# Iron Man 3: Traileranalyse mit geballtem Nerdwissen und Story-Vorhersage - Achtung Spoiler!



## NicoMendrek (14. März 2013)

Jetzt ist Deine Meinung zu *Iron Man 3: Traileranalyse mit geballtem Nerdwissen und Story-Vorhersage - Achtung Spoiler!* gefragt. 


				Bitte beachtet: Der Kommentarbereich wird gemäß der Forenregeln moderiert.





			Dieser Inhalt steht nur eingeloggten Mitgliedern zur Verfügung.
        

 Zum Artikel: Iron Man 3: Traileranalyse mit geballtem Nerdwissen und Story-Vorhersage - Achtung Spoiler!


----------



## Zelias (14. März 2013)

Echt beachtlich was man hier durch geballte Nerdwissen alles aus dem Trailer hat raus holen können, Respekt dafür. Wobei es irgendwie auch ziemlich ärgerlich ist wenn soviel von der vermeintlichen Story im Trailer gespoilert wird, ich hoffe da hat man noch etwas in der Hinterhand. 

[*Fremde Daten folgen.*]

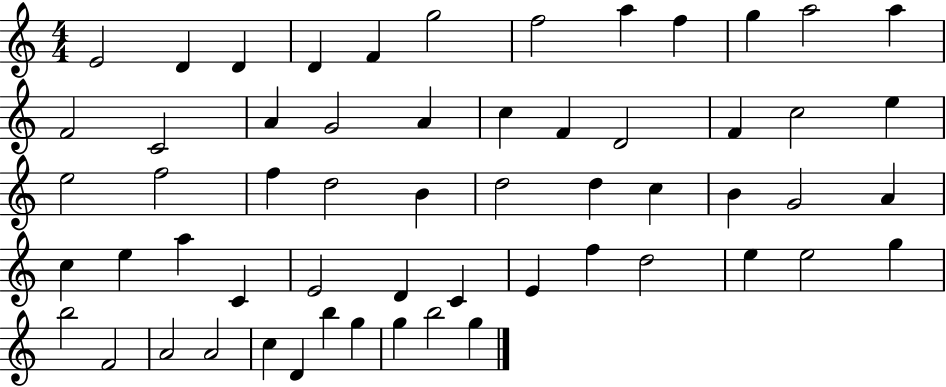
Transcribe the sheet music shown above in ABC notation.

X:1
T:Untitled
M:4/4
L:1/4
K:C
E2 D D D F g2 f2 a f g a2 a F2 C2 A G2 A c F D2 F c2 e e2 f2 f d2 B d2 d c B G2 A c e a C E2 D C E f d2 e e2 g b2 F2 A2 A2 c D b g g b2 g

Irgendwie werden Trailer immer mehr zu einer Best of Compilation des Films/Spiels die viel zu viel vorweg nehmen.


----------



## Metko1 (16. März 2013)

Ja... kaum zu glauben das so viele verschiedene trailer schon gibt nur für 1 film, da spoilert man sich die ganzen guten scenen weg ( egal obs nur 2-4 sekunden sind...)

btw. hab den trailer nicht geguckt und am besten is es Teaser anzugucken die so früh erscheinen die sowieso kaum was zeigen auser Namen und einzelne bilder ^^


----------



## LordCrash (16. März 2013)

Meine Güte, wie viele "xxx-Mans" gibts denn?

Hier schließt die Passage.